As humans, we often overestimate our performance. This phenomena has been studied so often, it has a name: the Dunning-Kruger effect. The Dunning-Kruger effect states that we have a cognitive bias in believing we are smarter than we actually are. We naturally overestimate our own abilities.
We are obsessed with all things voice here at Pindrop. As the voice experts, we wanted to find out how good we are at detecting real voices vs. synthetic ones. An informal survey was conducted with Pindrop employees to determine if a machine or a person could differentiate between a synthetic voice and a human voice.
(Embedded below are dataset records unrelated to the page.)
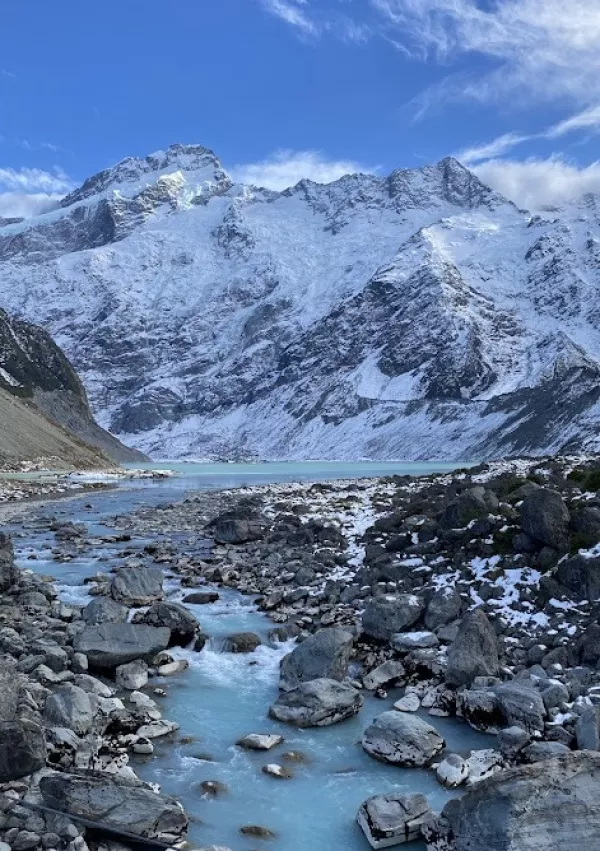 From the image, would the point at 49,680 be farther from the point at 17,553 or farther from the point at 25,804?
the point at 17,553

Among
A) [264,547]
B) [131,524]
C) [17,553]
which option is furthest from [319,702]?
[131,524]

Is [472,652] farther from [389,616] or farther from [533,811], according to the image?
[533,811]

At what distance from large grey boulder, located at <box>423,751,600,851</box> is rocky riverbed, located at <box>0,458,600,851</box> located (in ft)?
0.06

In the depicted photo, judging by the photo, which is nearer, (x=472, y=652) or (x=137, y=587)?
(x=472, y=652)

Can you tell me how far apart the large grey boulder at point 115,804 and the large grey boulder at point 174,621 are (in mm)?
8369

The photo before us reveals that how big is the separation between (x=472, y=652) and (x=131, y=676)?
731cm

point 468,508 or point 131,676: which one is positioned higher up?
point 468,508

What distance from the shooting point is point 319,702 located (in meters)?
13.9

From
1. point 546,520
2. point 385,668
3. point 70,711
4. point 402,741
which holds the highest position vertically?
point 546,520

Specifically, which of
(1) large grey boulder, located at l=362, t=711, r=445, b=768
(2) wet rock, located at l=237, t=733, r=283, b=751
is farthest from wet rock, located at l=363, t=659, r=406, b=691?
(2) wet rock, located at l=237, t=733, r=283, b=751

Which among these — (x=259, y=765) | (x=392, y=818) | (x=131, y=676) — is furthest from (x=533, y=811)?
(x=131, y=676)

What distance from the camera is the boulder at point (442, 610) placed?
718 inches

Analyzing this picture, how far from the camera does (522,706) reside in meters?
13.0

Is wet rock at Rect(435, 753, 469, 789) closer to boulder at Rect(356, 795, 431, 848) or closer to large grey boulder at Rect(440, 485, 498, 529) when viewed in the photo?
boulder at Rect(356, 795, 431, 848)
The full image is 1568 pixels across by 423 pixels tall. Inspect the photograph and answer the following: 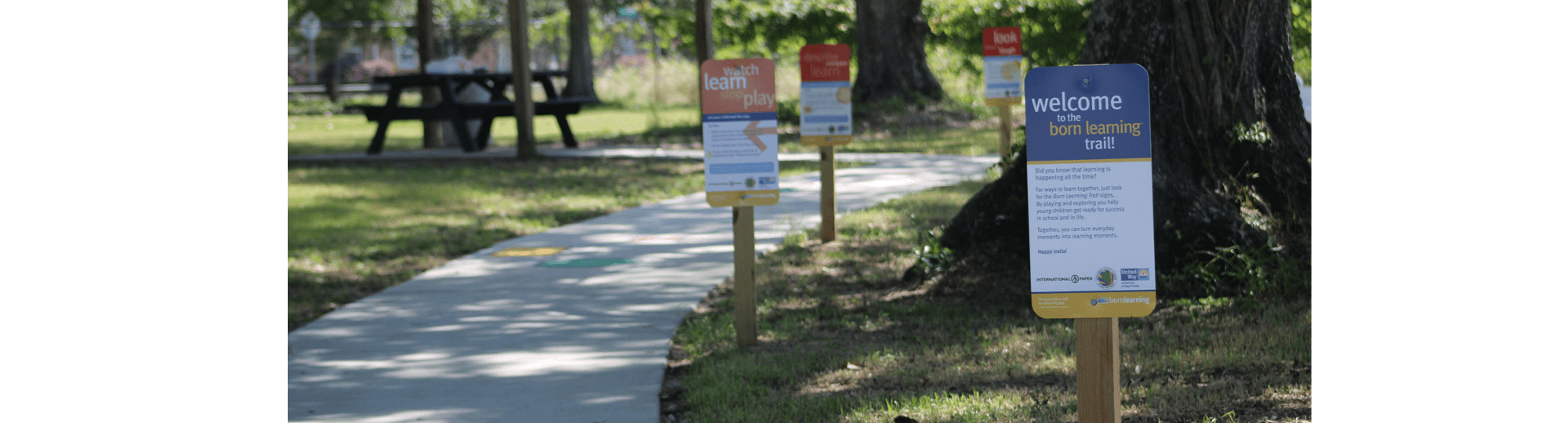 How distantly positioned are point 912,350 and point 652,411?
130 cm

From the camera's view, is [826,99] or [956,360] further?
[826,99]

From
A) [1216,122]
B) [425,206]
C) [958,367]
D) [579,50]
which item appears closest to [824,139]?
[1216,122]

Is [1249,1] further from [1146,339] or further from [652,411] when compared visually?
[652,411]

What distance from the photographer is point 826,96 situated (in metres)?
8.86

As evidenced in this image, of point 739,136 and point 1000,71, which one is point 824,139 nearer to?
point 1000,71

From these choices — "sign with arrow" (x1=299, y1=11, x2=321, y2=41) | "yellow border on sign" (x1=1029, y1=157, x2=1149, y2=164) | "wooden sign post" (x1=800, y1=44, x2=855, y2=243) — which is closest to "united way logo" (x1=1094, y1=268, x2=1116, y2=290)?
"yellow border on sign" (x1=1029, y1=157, x2=1149, y2=164)

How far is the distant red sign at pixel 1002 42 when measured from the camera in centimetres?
1028

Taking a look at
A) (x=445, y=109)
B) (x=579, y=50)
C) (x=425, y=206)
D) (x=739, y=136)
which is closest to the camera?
(x=739, y=136)

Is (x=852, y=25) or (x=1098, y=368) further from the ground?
(x=852, y=25)

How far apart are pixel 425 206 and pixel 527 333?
569 cm

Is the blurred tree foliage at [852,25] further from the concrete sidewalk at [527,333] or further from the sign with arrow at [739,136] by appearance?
the sign with arrow at [739,136]

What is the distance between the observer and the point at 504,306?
6840 millimetres

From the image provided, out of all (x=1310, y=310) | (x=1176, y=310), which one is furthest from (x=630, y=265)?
(x=1310, y=310)

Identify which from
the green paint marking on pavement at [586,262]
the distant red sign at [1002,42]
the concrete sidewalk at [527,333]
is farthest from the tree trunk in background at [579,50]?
the green paint marking on pavement at [586,262]
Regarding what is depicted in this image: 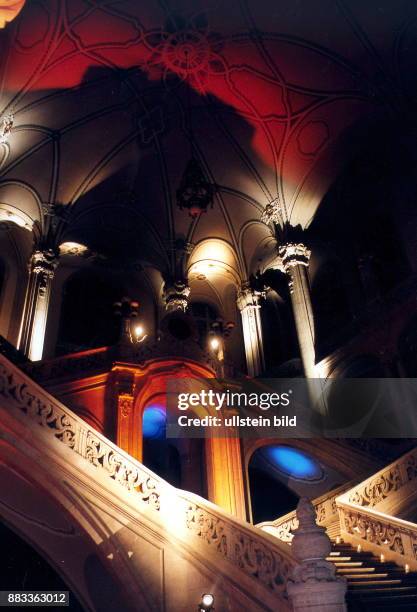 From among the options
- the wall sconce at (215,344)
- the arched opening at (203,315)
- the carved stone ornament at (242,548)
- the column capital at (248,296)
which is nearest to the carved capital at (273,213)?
the column capital at (248,296)

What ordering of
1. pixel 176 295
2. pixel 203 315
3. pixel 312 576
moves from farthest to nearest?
pixel 203 315, pixel 176 295, pixel 312 576

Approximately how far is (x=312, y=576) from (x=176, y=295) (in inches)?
Answer: 522

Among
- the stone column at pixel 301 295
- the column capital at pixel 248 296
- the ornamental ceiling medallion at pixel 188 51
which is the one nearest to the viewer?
the ornamental ceiling medallion at pixel 188 51

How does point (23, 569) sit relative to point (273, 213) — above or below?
below

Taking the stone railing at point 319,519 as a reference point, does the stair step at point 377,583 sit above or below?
below

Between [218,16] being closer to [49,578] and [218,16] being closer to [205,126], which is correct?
[205,126]

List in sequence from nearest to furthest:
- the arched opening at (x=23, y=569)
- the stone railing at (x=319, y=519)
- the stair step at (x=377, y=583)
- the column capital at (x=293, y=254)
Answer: the stair step at (x=377, y=583) < the arched opening at (x=23, y=569) < the stone railing at (x=319, y=519) < the column capital at (x=293, y=254)

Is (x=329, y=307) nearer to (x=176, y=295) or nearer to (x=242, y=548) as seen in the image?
(x=176, y=295)

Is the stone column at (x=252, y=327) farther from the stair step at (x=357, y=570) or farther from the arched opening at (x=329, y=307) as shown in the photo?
the stair step at (x=357, y=570)

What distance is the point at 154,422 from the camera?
12.9 m

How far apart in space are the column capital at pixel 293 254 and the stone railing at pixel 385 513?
8.22m

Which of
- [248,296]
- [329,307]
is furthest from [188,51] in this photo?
[329,307]

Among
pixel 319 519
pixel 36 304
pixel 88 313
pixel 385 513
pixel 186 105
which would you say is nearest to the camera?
pixel 385 513

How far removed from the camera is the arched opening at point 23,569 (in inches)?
326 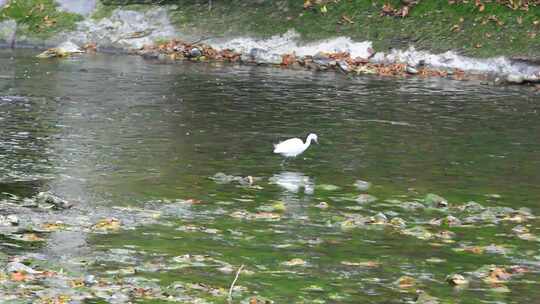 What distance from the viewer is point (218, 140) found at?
27.7 meters

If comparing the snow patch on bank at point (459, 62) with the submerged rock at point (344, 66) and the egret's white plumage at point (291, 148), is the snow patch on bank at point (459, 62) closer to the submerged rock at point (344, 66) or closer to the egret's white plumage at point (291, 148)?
the submerged rock at point (344, 66)

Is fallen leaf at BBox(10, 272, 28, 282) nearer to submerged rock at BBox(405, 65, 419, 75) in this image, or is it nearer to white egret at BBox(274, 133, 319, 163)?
white egret at BBox(274, 133, 319, 163)

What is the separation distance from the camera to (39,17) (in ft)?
172

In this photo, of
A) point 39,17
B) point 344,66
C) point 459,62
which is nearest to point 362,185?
point 344,66

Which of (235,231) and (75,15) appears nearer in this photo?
(235,231)

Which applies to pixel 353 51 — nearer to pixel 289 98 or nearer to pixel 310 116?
pixel 289 98

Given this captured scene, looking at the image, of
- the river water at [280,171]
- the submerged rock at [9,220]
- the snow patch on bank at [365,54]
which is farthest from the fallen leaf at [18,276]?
the snow patch on bank at [365,54]

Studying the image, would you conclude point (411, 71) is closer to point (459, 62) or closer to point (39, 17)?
point (459, 62)

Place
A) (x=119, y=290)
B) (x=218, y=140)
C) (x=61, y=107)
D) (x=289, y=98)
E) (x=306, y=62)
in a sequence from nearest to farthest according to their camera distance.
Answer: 1. (x=119, y=290)
2. (x=218, y=140)
3. (x=61, y=107)
4. (x=289, y=98)
5. (x=306, y=62)

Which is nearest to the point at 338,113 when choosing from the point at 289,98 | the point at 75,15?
the point at 289,98

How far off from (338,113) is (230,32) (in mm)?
17493

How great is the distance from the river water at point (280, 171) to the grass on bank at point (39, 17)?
8826mm

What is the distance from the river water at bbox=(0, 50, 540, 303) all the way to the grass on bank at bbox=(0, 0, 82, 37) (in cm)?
883

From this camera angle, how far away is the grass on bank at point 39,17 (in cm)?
5169
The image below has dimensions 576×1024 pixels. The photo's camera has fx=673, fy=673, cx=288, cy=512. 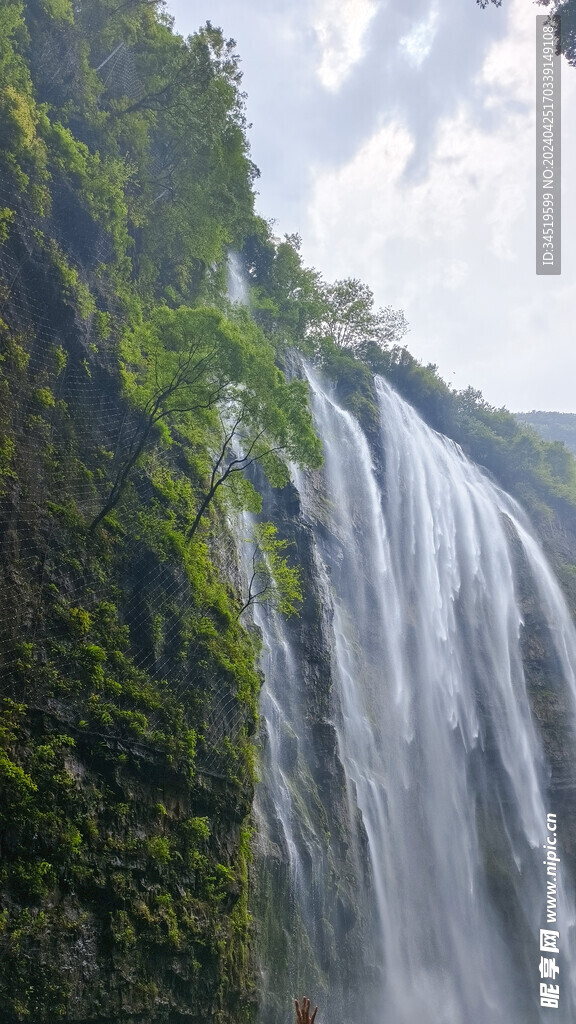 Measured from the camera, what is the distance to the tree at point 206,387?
37.7 feet

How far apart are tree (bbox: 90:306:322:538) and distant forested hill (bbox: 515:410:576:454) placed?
78.1 m

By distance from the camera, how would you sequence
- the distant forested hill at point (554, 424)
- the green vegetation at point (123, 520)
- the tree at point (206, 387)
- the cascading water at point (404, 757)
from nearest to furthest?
1. the green vegetation at point (123, 520)
2. the tree at point (206, 387)
3. the cascading water at point (404, 757)
4. the distant forested hill at point (554, 424)

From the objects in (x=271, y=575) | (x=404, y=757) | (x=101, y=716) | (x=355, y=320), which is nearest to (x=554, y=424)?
(x=355, y=320)

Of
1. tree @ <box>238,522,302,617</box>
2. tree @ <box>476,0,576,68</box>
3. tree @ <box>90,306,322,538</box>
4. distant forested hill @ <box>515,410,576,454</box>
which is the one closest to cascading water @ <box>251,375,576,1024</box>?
tree @ <box>238,522,302,617</box>

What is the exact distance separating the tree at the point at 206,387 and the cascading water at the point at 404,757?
6291 mm

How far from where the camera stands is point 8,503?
9469mm

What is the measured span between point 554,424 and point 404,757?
87.6 meters

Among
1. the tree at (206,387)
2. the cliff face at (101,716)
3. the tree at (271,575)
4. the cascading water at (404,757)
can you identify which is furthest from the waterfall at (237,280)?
the cliff face at (101,716)

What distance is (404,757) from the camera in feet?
72.1

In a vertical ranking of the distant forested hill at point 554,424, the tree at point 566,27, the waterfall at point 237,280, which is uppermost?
the distant forested hill at point 554,424

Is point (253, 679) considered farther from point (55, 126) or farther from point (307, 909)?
point (55, 126)

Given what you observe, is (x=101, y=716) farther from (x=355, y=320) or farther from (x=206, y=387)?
(x=355, y=320)

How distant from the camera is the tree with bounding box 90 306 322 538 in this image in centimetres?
1148

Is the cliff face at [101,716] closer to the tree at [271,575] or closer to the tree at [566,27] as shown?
the tree at [271,575]
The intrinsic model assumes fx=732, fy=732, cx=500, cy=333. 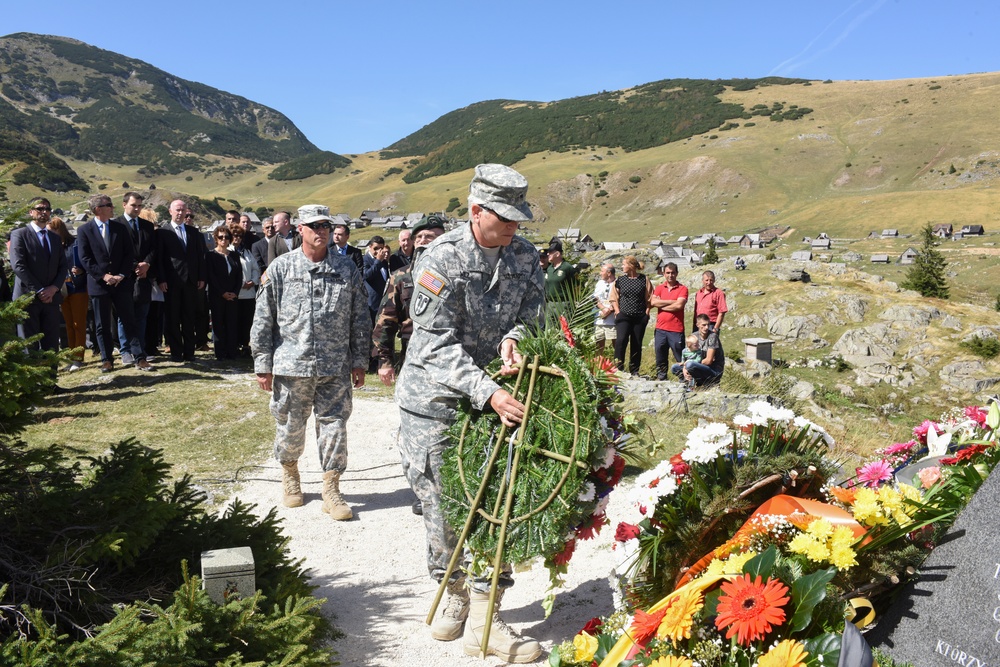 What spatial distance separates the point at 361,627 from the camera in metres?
4.30

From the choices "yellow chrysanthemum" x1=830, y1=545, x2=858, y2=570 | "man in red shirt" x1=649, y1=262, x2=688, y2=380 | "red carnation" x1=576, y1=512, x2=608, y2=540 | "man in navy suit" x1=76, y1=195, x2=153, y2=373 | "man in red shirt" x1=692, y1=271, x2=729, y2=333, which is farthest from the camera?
"man in red shirt" x1=649, y1=262, x2=688, y2=380

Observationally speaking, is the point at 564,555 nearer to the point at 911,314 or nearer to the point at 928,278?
the point at 911,314

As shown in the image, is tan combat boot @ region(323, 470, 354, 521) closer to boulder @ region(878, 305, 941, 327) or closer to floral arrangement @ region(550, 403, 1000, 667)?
floral arrangement @ region(550, 403, 1000, 667)

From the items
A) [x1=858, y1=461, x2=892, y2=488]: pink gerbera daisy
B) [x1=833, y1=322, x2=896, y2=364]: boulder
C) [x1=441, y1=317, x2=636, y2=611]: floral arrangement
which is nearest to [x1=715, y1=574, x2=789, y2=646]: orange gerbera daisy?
[x1=441, y1=317, x2=636, y2=611]: floral arrangement

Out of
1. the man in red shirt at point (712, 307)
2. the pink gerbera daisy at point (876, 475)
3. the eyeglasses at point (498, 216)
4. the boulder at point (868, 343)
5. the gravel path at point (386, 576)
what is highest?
the eyeglasses at point (498, 216)

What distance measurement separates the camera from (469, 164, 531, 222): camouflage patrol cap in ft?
11.8

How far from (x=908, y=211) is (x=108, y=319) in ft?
218

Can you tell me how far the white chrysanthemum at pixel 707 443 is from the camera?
3373 millimetres

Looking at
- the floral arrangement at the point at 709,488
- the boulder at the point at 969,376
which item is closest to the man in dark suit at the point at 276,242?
the floral arrangement at the point at 709,488

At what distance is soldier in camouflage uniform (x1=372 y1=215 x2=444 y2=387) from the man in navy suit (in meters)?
3.79

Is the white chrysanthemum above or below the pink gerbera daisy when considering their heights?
above

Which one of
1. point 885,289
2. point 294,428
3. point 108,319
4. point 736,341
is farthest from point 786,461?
point 885,289

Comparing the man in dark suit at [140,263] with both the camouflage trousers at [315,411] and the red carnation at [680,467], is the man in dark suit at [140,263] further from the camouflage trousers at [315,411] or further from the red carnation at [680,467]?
the red carnation at [680,467]

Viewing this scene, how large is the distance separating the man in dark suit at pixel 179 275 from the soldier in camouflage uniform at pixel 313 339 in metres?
5.78
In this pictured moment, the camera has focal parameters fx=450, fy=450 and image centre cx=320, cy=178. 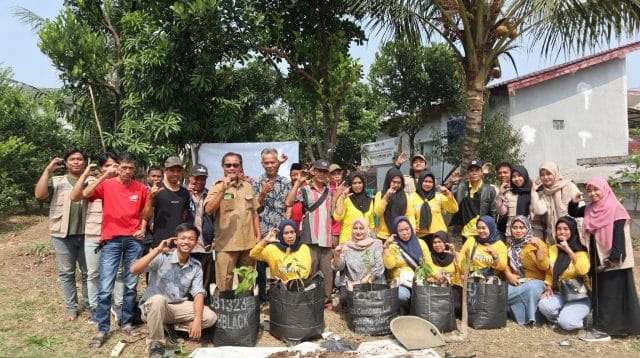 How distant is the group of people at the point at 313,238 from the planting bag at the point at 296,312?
0.26m

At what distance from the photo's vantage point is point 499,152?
9.45 meters

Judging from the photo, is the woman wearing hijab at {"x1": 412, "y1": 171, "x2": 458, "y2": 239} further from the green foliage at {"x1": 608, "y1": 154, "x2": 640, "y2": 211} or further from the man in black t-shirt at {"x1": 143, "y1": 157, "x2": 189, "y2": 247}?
the green foliage at {"x1": 608, "y1": 154, "x2": 640, "y2": 211}

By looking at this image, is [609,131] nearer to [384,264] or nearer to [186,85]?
[384,264]

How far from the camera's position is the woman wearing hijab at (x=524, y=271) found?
14.5 ft

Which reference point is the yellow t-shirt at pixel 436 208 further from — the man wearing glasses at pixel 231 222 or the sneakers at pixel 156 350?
the sneakers at pixel 156 350

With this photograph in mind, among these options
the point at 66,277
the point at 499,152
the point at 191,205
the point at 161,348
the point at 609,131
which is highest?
the point at 609,131

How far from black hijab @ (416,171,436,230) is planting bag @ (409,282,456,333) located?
904 millimetres

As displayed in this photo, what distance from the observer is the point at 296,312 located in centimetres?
395

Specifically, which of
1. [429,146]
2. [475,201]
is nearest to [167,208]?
[475,201]

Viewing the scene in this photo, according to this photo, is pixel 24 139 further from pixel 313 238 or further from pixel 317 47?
pixel 313 238

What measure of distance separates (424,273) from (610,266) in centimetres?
164

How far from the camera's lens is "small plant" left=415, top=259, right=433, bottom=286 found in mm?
4230

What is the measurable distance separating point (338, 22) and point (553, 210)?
433 cm

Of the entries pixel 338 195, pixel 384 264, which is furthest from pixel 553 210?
pixel 338 195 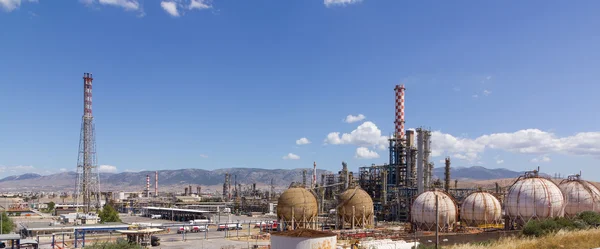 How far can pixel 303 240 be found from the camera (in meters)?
24.4

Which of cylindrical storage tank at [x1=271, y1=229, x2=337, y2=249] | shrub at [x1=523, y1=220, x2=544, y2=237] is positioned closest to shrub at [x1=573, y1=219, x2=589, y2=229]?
shrub at [x1=523, y1=220, x2=544, y2=237]

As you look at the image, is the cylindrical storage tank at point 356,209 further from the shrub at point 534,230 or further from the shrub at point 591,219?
the shrub at point 534,230

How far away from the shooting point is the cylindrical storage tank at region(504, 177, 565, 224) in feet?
143

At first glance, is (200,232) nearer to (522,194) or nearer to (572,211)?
(522,194)

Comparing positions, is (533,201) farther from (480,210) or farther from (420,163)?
(420,163)

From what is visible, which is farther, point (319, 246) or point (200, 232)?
point (200, 232)

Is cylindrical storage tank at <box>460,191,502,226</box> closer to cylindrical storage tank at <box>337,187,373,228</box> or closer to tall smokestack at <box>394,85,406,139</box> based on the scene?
cylindrical storage tank at <box>337,187,373,228</box>

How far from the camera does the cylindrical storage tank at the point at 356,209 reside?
53.3 m

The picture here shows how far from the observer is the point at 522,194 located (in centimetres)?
4484

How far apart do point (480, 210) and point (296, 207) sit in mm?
19812

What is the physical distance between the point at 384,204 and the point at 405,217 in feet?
11.0

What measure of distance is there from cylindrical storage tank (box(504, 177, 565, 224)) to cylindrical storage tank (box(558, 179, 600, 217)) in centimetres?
382

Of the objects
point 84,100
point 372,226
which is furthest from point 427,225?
point 84,100

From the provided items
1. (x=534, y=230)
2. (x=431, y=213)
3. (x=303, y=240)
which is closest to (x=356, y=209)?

Pindrop Lab’s research team really wanted a challenge in trying to have synthetic voice fools both employees and the technology as much as possible. So instead of training voice models with 20 minutes of audio, the team trained the voice models using 5 hours of speech for each sample voice. They tooks the 5 hour trained models and developed 100 sophisticated synthesized voices saying random phrases collected from several sources including blogs, Google, Dessa, etc. The team selected 20 phrases at random of an initial 100 synthesized and genuine voices. With 60 participants from Pindrop, the results were a bit surprising!
Pindropper’s were able to spot the synthetic voice only slightly more than random chance. Then the machines got their shot. Even with the incredibly trained synthetic voice models, the machines still beat the Pindrop employee by over 25%, showing that technology gets the upper hand when spotting fake voice, no matter how convincing.
If you are relying on agents to determine if a caller is who they say they are, what do you think their chances are?